The code also needs some formatting. You have an object which you are one-lining, then some you expand. Just ran this through JSBeautifier and it looks better than the one posted. Much readable.

As far as I understand, you're just generating passwords and checking if it passes the requirements. Generating should be a straightforward function:

function generateNextPossiblePassword(oldPassword){...}

var potentialPassword = generateNextPossiblePassword('abcdefgh'); //abcdffaa

Now, you don't have to pack everything in the generateNextPossiblePassword function. You can split the operation into generateNextString and checkIfStringIsValidPassword. That way, generateNextString can focus on string generation while checkIfStringIsValidPassword is the actual function that checks the validity.

function generateNextString(str){...}

function doesPasswordPassAllTests(str){...}

function generateNextPossiblePassword(pwd){
  var potentialPwd = generateNextString(pwd);
  var isValidPwd = doesPasswordPassAllTests(potentialPwd);

  // If the value passes, return. Otherwise, call again.
  // Yep, recursion. Lesser temporary counter variables.
  return isValidPwd ? potentialPwd : generateNextPossiblePassword(potentialPwd);
}

Checking against requirements is simply an every operation. every runs the callback for each item. If everything returns true, the result of every is true. If it finds one false, it immediately bails out and the operation results in a false.

Also note that the checks are functions which are then put into an array. This makes it easy to just define a function, then if we ever want to add it, we just pop in its name in the array. Your array isn't very bulky, just references to the functions.

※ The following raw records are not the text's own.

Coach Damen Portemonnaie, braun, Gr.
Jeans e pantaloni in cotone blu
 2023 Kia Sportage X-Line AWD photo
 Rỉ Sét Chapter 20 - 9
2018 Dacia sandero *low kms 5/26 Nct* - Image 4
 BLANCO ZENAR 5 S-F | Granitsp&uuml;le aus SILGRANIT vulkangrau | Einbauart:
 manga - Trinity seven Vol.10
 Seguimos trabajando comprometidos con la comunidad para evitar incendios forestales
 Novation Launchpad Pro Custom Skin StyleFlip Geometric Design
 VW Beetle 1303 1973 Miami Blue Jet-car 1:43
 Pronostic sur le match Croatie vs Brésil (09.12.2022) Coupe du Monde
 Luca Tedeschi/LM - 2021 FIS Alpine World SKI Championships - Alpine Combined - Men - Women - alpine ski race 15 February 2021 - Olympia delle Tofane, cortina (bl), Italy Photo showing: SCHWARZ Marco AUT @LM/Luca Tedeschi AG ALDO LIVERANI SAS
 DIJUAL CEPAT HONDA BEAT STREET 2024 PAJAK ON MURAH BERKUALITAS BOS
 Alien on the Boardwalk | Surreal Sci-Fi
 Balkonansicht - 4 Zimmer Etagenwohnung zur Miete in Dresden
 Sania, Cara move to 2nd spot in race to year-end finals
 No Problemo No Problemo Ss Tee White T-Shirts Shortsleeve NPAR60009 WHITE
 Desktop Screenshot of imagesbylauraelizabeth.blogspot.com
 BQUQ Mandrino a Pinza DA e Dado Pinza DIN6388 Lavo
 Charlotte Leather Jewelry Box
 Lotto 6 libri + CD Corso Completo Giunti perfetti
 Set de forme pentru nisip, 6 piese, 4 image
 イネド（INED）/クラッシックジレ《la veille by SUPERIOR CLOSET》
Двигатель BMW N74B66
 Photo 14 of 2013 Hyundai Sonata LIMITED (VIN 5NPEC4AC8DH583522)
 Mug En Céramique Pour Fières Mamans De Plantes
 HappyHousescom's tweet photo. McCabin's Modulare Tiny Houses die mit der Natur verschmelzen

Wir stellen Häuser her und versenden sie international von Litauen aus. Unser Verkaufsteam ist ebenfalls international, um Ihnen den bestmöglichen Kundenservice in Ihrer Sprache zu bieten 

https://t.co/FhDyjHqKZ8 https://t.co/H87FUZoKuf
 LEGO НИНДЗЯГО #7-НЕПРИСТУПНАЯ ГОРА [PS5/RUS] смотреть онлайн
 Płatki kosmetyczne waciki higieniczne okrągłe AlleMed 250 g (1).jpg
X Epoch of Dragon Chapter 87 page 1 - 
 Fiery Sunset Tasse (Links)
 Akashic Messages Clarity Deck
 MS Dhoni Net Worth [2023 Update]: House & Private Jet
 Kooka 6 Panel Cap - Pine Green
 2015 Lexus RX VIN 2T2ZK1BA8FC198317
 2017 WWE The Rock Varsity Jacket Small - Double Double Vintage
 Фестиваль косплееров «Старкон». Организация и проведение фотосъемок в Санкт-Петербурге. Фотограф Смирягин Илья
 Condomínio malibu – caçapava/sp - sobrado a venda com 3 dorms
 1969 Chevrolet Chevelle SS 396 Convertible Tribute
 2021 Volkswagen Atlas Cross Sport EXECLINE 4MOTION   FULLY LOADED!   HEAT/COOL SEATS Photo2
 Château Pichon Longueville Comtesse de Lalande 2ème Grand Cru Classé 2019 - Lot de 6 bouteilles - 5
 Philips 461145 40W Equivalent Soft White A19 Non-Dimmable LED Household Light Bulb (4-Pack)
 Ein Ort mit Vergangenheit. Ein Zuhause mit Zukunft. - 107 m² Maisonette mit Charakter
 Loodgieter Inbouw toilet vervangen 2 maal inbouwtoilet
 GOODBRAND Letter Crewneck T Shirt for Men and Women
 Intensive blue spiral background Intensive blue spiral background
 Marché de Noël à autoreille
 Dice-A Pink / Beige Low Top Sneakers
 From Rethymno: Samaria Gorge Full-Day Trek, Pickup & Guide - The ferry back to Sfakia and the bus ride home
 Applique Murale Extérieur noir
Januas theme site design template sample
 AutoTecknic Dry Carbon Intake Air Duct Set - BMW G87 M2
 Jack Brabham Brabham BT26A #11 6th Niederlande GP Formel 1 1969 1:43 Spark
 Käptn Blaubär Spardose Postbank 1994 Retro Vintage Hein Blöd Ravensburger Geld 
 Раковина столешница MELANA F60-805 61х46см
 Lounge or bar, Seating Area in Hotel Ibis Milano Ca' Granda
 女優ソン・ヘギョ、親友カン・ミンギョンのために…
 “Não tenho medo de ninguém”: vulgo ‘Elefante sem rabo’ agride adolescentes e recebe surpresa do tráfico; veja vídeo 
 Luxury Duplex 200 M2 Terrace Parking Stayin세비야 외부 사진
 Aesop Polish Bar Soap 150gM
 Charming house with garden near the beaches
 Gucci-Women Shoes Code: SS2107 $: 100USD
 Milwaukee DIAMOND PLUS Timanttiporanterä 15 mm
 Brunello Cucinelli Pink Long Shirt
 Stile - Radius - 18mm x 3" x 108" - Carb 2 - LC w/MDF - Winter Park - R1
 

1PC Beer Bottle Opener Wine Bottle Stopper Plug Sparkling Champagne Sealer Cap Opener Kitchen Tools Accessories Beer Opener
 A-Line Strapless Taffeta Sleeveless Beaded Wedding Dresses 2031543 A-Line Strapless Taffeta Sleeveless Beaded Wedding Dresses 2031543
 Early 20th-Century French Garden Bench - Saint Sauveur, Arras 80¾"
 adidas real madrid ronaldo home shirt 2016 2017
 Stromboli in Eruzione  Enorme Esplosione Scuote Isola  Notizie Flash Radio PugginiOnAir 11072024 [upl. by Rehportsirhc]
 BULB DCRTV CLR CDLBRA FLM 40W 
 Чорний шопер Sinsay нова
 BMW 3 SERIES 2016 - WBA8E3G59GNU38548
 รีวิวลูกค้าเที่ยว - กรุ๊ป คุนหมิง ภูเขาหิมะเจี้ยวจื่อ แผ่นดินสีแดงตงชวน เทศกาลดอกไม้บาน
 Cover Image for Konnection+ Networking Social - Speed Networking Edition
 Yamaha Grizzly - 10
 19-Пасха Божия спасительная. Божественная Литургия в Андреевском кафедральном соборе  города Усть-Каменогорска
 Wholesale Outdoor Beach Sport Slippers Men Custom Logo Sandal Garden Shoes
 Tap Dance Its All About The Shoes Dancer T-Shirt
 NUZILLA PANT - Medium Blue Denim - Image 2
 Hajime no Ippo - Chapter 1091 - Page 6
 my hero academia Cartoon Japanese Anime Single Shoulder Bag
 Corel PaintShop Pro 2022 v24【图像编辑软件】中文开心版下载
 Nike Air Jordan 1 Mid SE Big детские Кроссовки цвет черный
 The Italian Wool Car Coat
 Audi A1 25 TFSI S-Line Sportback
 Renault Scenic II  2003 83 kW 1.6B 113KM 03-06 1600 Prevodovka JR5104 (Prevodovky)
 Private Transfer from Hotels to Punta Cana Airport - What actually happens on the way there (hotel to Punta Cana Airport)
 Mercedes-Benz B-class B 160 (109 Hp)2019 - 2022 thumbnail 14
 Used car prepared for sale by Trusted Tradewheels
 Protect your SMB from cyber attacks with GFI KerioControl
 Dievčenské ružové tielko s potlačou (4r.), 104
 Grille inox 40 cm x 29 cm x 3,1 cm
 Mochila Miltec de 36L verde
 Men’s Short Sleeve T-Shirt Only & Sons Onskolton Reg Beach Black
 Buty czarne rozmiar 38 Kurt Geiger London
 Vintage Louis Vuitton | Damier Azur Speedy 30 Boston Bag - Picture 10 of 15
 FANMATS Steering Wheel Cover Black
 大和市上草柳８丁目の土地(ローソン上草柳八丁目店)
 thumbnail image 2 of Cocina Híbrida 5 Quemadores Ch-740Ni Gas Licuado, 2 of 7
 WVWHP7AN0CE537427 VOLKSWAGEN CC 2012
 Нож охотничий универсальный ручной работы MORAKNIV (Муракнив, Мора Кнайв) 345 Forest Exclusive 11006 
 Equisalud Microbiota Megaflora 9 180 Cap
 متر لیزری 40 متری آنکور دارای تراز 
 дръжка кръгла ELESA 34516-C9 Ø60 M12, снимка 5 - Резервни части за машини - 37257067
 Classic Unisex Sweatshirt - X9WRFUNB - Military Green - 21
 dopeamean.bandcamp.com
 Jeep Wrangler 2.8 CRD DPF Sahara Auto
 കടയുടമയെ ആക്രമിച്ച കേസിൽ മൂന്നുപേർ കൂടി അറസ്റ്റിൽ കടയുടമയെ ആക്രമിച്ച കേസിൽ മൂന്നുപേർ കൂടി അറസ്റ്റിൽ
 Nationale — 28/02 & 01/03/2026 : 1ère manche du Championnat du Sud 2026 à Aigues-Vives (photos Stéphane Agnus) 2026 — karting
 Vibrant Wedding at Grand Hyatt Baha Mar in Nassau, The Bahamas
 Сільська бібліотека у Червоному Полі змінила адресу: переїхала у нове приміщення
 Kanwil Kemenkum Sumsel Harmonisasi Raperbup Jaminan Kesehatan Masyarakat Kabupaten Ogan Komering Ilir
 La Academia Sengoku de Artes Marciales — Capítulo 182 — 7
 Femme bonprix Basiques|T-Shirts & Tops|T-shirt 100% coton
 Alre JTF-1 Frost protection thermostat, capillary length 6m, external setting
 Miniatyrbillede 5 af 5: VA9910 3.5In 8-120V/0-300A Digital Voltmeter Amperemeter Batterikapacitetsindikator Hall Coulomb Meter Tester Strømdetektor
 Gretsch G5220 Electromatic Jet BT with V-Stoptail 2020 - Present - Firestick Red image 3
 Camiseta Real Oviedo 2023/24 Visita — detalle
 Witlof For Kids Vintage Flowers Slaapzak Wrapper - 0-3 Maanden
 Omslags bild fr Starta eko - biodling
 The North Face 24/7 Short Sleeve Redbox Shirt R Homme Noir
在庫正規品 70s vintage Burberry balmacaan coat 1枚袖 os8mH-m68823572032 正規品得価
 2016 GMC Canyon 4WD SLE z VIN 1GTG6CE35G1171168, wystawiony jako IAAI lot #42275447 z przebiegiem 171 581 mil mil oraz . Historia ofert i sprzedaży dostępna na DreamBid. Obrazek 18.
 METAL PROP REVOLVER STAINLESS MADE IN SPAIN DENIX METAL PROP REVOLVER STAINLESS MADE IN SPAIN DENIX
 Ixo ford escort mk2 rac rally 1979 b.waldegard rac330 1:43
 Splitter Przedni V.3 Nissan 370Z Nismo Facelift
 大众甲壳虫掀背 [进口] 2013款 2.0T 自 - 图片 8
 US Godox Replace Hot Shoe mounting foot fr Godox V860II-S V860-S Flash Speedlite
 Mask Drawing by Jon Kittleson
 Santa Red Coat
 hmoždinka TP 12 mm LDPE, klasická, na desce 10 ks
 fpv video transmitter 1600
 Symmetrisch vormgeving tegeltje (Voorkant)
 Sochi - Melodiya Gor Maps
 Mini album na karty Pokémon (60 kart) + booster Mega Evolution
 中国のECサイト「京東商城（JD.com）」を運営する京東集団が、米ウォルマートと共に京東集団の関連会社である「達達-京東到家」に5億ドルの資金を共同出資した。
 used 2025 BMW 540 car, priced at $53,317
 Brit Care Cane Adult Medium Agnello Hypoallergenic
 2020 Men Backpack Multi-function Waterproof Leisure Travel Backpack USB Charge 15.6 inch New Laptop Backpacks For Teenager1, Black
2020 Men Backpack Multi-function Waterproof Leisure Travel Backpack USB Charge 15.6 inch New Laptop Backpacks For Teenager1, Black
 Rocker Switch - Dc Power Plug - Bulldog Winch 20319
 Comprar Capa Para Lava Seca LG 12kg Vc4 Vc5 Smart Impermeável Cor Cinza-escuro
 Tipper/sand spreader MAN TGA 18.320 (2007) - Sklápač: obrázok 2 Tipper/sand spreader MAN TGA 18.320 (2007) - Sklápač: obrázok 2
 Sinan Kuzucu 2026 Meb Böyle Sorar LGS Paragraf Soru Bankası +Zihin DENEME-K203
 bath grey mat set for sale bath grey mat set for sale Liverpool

// They take in a password, and simply return true or false
function checkForStraight(pwd){...}

function checkForInvalidLetters(pwd){...}

function checkForTwoPairs(pwd){...}

function doesPasswordPassAllTests(pwd){
  return passwordTests.every(function(test){
    return test(pwd);
  });
}

var passwordTests = [
  checkForStraight,
  checkForInvalidLetters,
  checkForTwoPairs,
];

var passwordPassesAllTests = doesPasswordPassAllTests(NEW_PASSWORD);

I renamed noIOL to checkForInvalidLetters. That's because I, O and L are arbitrary. A more general way to classify this would be character restriction, hence the new name.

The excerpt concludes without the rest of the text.